Problematisch seien dabei insbesondere die älteren deutschen Reaktoren. "Das sind zum Beispiel die Siedewasserreaktoren der Baulinie SWR 69, aber auch die Druckwasserreaktoren der zweiten Generation. Die sind nicht nur schlechter geschützt, sie haben auch wesentlich weniger Reserven für die Störfallbeherrschung."

Bei einem gezielten Flugzeugabsturz wie am 11. September würde vermutlich das Reaktorgebäude zerstört. "Gleichzeitig ist damit zu rechnen, dass auch ein Schaden am Sicherheitsbehälter entsteht und zudem dort Leitungen beschädigt werden, so dass die Kühlung insgesamt versagt. Wenn das passiert, kommt es zum schlimmsten kerntechnischen Unfall, den es geben kann: Eine Kernschmelze bei offenem Containment."

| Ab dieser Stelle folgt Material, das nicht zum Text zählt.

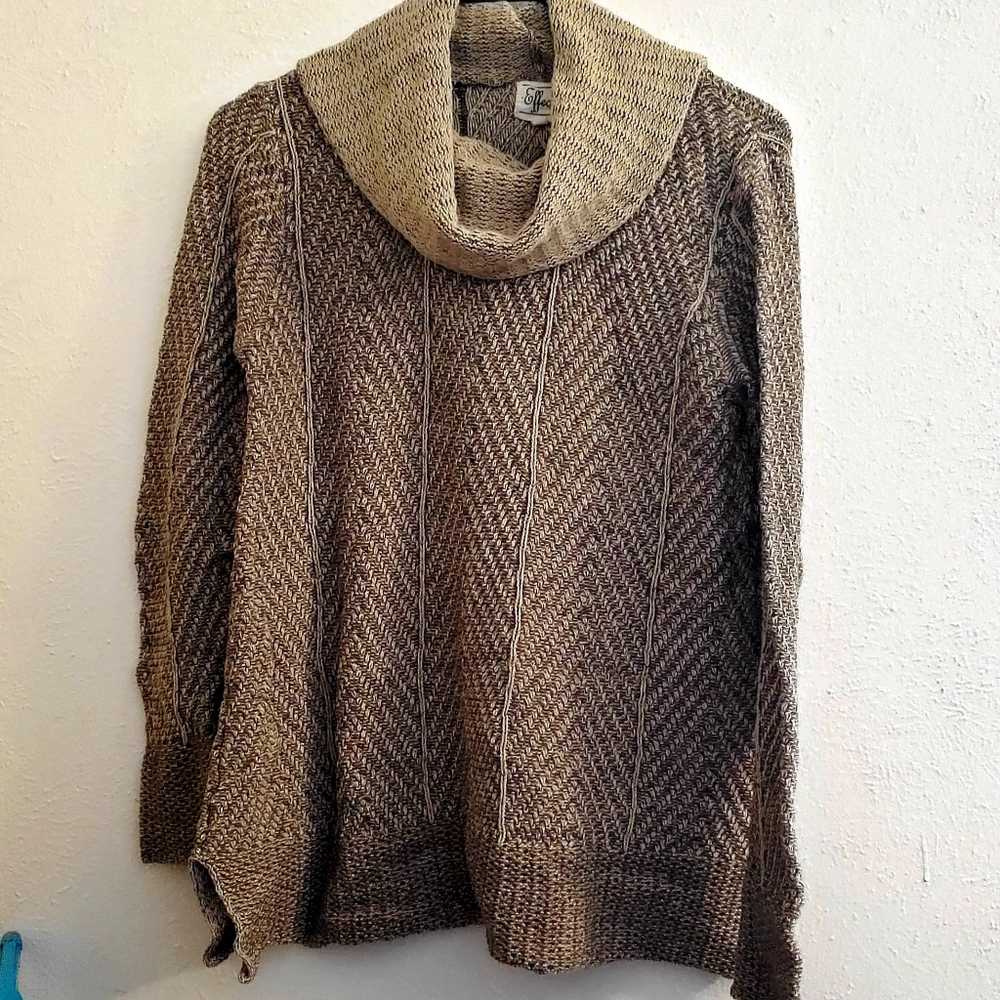 Effeci Tan Sweater w/Cowl Size XL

Als Abwehrmaßnahmen planen Bundesregierung und Betreiber derzeit sogenannte Vernebelungsmaßnahmen. Dabei würden aus militärischen Systemen adaptierte Nebelwerfer eingesetzt. Solche Systeme werden etwa in Biblis und Philippsburg installiert. Sie sollen, falls sich ein Flugzeug nähert, eine Art Phosphornebel versprühen. "Es gibt ja insgesamt 17 AKWs an zwölf Standorten. Drei Standorte sind mit Nebelwerfern ausgerüstet – das betrifft fünf Anlagen. An den anderen Standorten läuft die Antragsstellung noch."